I was lying on my couch watching The Darjeeling Limited, a movie whose virtues only include the extensive use of the color yellow, when London padded in in a padded Hulk costume. His face was as long as his hair, which brushed the top of his green shoulder pads. I paused the film.
“What’s wrong, Hulk? Thor got you down?” I asked, referring to a particularly confusing and homoerotic film he had watched called “Return of the Hulk“. It starred Bill Bixby as Dr. Banner, Lou Ferrigno as the gamma ray-infested monster and some beer swilling, leather pants-wearing Fabio lookalike as Thor.
“Dad, it’s not funny.”
“What is it, then?”
“Well, I want to play with Poppy and be a pet but she says that her doll doesn’t have any pets and I told her that I could be a talking pet but she said that there were no pets in her game at all; even if I wasn’t her pet, I couldn’t be a pet.
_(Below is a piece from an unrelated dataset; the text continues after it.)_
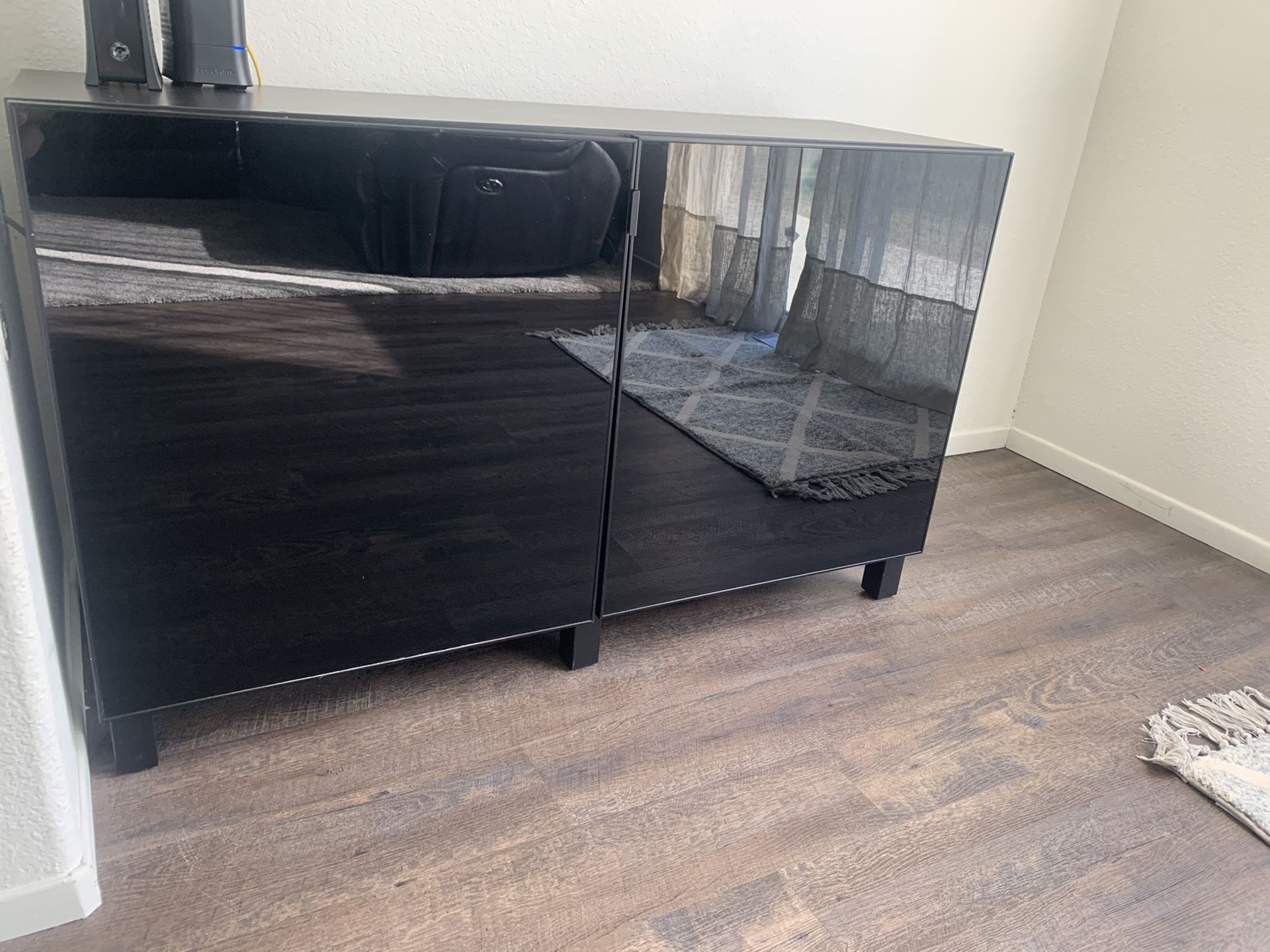 IKEA Black Media Console Cabinet with Adjustable Shelves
Get it?”
“Um, sure.”
His eyes drooped and tears crawled down his little unpainted face. Sigh. “It’s so hard when you want to be a pet.”
London’s pain was in a legitimate category for a heartbroken younger brother but I couldn’t help but think that his line would have made a great opening for a ballad. Sort of a cross between Iggy Pop’s gyrational “I Wanna Be Your Dog” and the hip hop-infused, academy award-winning “It’s Hard Out Here for a Pimp” from the film Hustle and Flow. Wouldn’t it be great if, like the long ago cancelled TV show Cop Rock, London and I could burst into song, wiping away any trace of sadness in that heart buried under foam and green fabric and allowing me to escape the mundane negotiations I was about to begin with his older sister
Sadly, we don’t live on the big screen or in the small so I took London by the hand and walked to Poppy’s room which surprisingly looked like a television studio for creatures the size of a bottle of Pepsi. Mini-chairs and couches faced each other with tiny afghans and ottomans in the spaces between.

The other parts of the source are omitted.